The Interviewer/Interviewee Relationship

     Journalist Janet Malcolm wrote a book called The Journalist and the Murderer (1990) about how true crime writer Joe McGinnis, in writing his book Fatal Vision (1983) lived with the Jeffrey MacDonald defense team as they prepared for the Green Beret doctor's murder trial. MacDonald was being tried for the 1970 murder of his pregnant wife and two daughters. The defendant and his legal team had every reason to expect that McGinnis' book would be sympathetic to MacDonald's claim of innocence. The jury found the doctor guilty, and when Fatal Vision came out, the insiders who had invited the journalist into the inner circle of the defense were shocked. McGinnis portrayed MacDonald as a sociopathic, narcissistic, cold-blooded killer who had murdered his family to free himself of the constraints of family life. (Fatal Vision is ranked 97th in Modern Library's 100 Best Works of Nonfiction.)

     In The Journalist and the Murderer, Janet Malcolm's first sentence reveals an ugly truth about the relationship between the journalist and the people he interviews: "Every journalist who is not too stupid or too full of himself to notice what is going on knows what he does is morally indefensible. He is a kind of confidence man, preying on people's vanity, ignorance, or loneliness, gaining their trust and betraying them without remorse."

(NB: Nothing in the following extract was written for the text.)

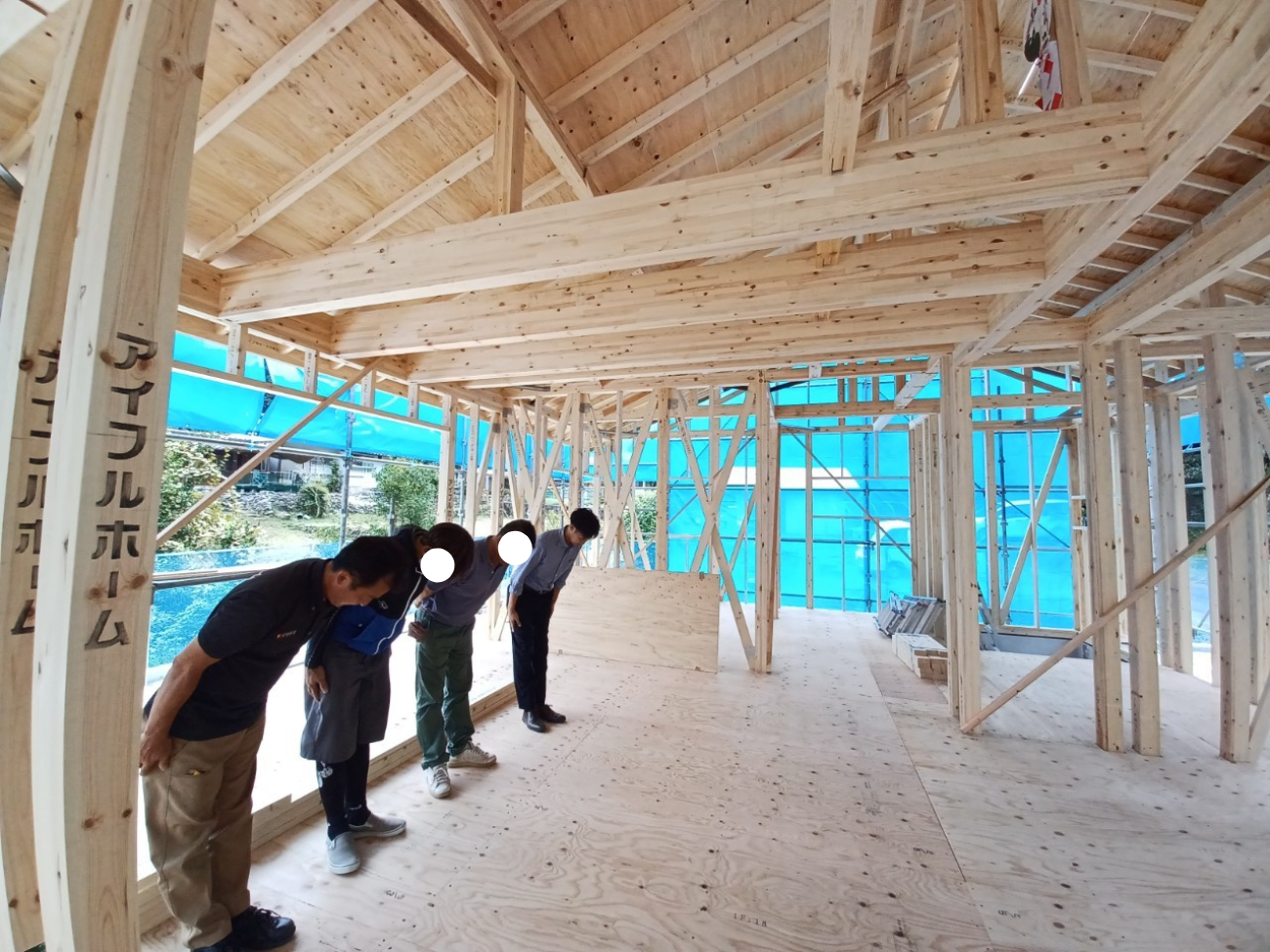  岩国市 O様邸上棟   アイフルホーム | イワナミ 岩国市柳井市益田市浜田市の注文住宅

     The following quotes are from other journalists about the art of the interview and the relationship between the interviewer and the interviewee:

It is a very strange way to make a living, to go into other people's lives and scrape those lives for what you can use for your stories and then go out and display those scrapings in front of others.
Bob Greene

Many reporters, especially in the era of celebrity journalism, far from betraying the subjects in their pieces, praise them and cater rather slavishly to them--so that the reporter's fortunes and his subject's rise together.
Renata Adler

The secret to the art of interviewing--and it is an art--is to let the other person think he's interviewing you. You tell him about yourself, and slowly you spin your web so that he tells you everything. (In his infamous article, "Answered Prayers," Truman Capote betrayed members of high-society who had befriended him.)
Truman Capote

I don't even like interviewing people, because I feel once I've interviewed someone, it's much harder to write critically about them unless you bring up every critical feeling you have in the course of the interview.
Norman Mailer

Walking up to a rank stranger who probably doesn't want to talk to you, introducing yourself cold, then making certain that you're the one in charge and what you're conducting is not a friendly conversation but an interview--these are not natural, or even particularly friendly, ways to behave and not a piece of cake to perform.